Regnan’s roots lie in the Governance Advisory Service of BT Financial Group, a subsidiary of Westpac, but it is now owned by eight major institutional investors and Australia’s largest university. ‘We were always independent, but the appearance has been bolstered by the change in ownership’, says Mather. Just as it promotes the benefits of diversifying company boards, Regnan’s own diversity of ownership strengthens its credentials, he adds. With a A$50billion ($44bn, £22bn) engagement mandate, representing approximately one in eight institutional dollars invested in Australian listed companies, Regnan has the scale to make engagement effective. ‘Our size and independence significantly increases our level of influence beyond the previous, successful BT GAS model’, says Mather.
About 20 Australian institutions have signed up to the PRI to date. Climate change has become a key topic, explains Mather. ‘In Perth, the day you can water your garden depends on your house number – in the last two decades, rainfall has declined by 25 per cent in Western Australia. Nearly every city is building a desalination plant, and climate change was one of the defining issues in the recent election victory of Kevin Rudd.’

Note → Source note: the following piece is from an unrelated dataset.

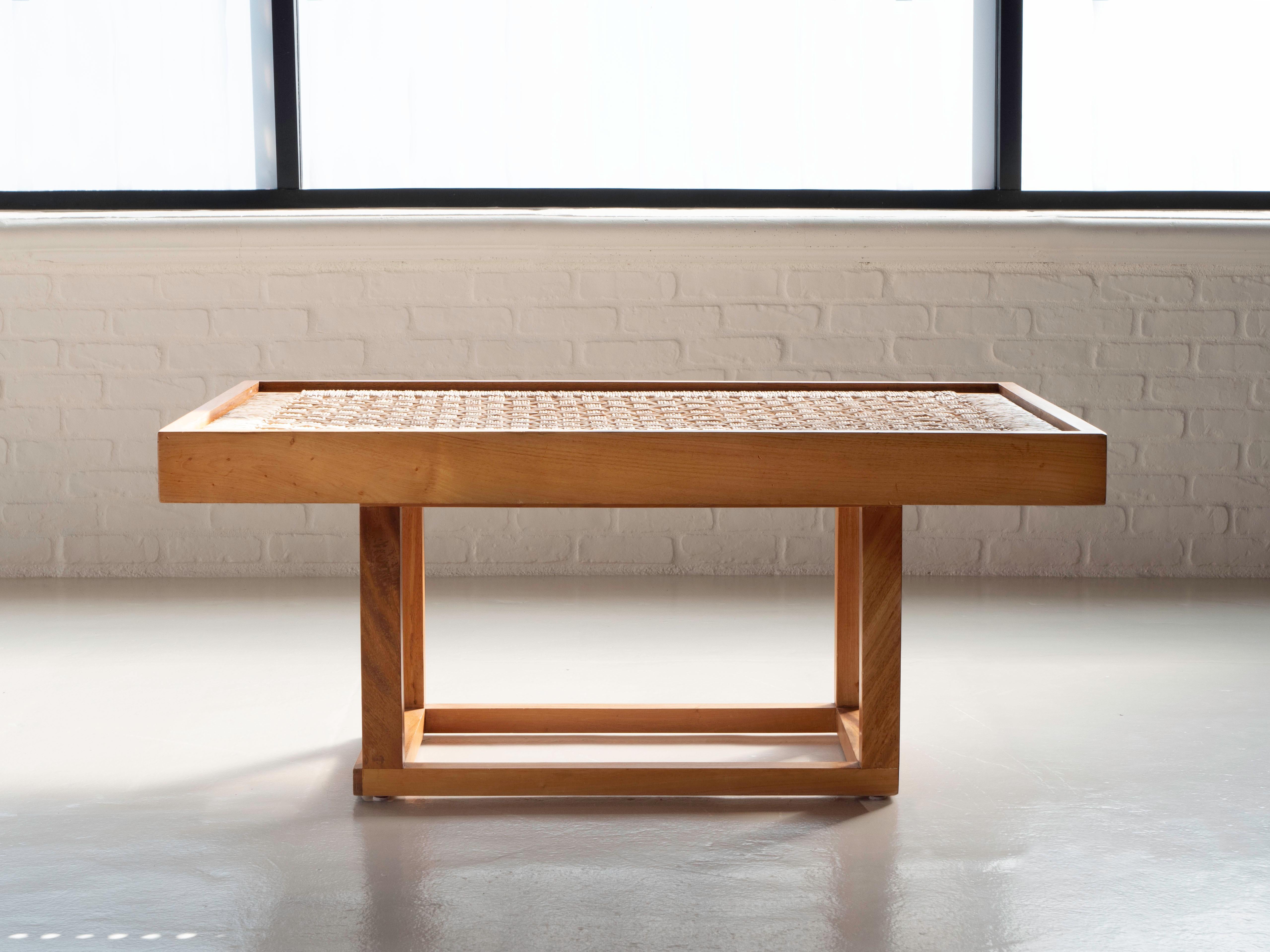 Solid wood coffee table designed by Michael Van Beuren for his company Domus. Purchased by the original owners in the 1950's during a trip to Mexico City. It can be converted into a dining table by inverting the base. We preferred the look of it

Australian companies have also been in the news in recent years over questions of ethical conduct. James Hardie, the construction company, had to pay out A$4bn in compensation over underestimating asbestos liabilities and lost its chairman and two other directors after Australia’s securities regulator sued the company. The regulator also took action against six former executives of the Australian Wheat Board over illegal payments to the regime of Saddam Hussein.
Such cases ‘expose the extent to which conduct has lost money for shareholders’, Mather says. ‘ESG research can illuminate a company’s risk and opportunity profile and consequently its valuation.’
The company recently launched research on human capital management at all ASX 200 companies, rating them on health and safety, the effects of skills shortages and measures to retain staff. It has also looked at the impact of climate change on the index, concluding that a carbon price of A$30/tonne could cut annual profits at over 40 companies by more than five per cent. Conversely, climate change presents significant opportunities for more than 50 index companies. In 2008 it plans a report on ethical conduct.
‘With impending emissions trading and more severe weather forecasted, the time to thoroughly understand the financial impacts of climate change is now’, Mather says. ‘Institutional investors, especially UNPRI signatories, want fund managers to properly assess climate change impacts on listed companies and invest their funds accordingly.’